**DATA SHOWN**
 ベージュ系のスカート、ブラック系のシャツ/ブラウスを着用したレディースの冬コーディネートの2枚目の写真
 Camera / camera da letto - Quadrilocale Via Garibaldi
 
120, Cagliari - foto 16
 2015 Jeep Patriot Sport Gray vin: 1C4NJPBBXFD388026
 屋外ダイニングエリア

--

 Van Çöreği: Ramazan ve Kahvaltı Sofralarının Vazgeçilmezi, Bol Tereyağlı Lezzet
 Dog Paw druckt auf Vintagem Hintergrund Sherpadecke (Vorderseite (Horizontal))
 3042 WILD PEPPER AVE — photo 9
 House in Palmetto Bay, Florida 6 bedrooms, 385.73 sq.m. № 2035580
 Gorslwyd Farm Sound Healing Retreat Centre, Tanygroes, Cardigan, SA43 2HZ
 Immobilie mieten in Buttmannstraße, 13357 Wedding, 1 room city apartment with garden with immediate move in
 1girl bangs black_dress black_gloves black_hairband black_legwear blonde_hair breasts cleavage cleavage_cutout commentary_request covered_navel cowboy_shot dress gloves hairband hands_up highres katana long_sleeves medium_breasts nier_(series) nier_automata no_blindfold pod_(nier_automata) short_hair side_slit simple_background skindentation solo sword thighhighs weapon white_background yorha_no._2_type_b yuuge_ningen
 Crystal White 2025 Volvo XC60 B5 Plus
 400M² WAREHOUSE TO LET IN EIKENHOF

**EXERCISE DESCRIPTION**
Take the line above containing "Immobilie mieten in", the line containing "400M² WAREHOUSE TO LET IN EIKENHOF", and all lines in between, and copy them exactly without anything else.

**WRITTEN RESPONSE**
 Immobilie mieten in Buttmannstraße, 13357 Wedding, 1 room city apartment with garden with immediate move in
 1girl bangs black_dress black_gloves black_hairband black_legwear blonde_hair breasts cleavage cleavage_cutout commentary_request covered_navel cowboy_shot dress gloves hairband hands_up highres katana long_sleeves medium_breasts nier_(series) nier_automata no_blindfold pod_(nier_automata) short_hair side_slit simple_background skindentation solo sword thighhighs weapon white_background yorha_no._2_type_b yuuge_ningen
 Crystal White 2025 Volvo XC60 B5 Plus
 400M² WAREHOUSE TO LET IN EIKENHOF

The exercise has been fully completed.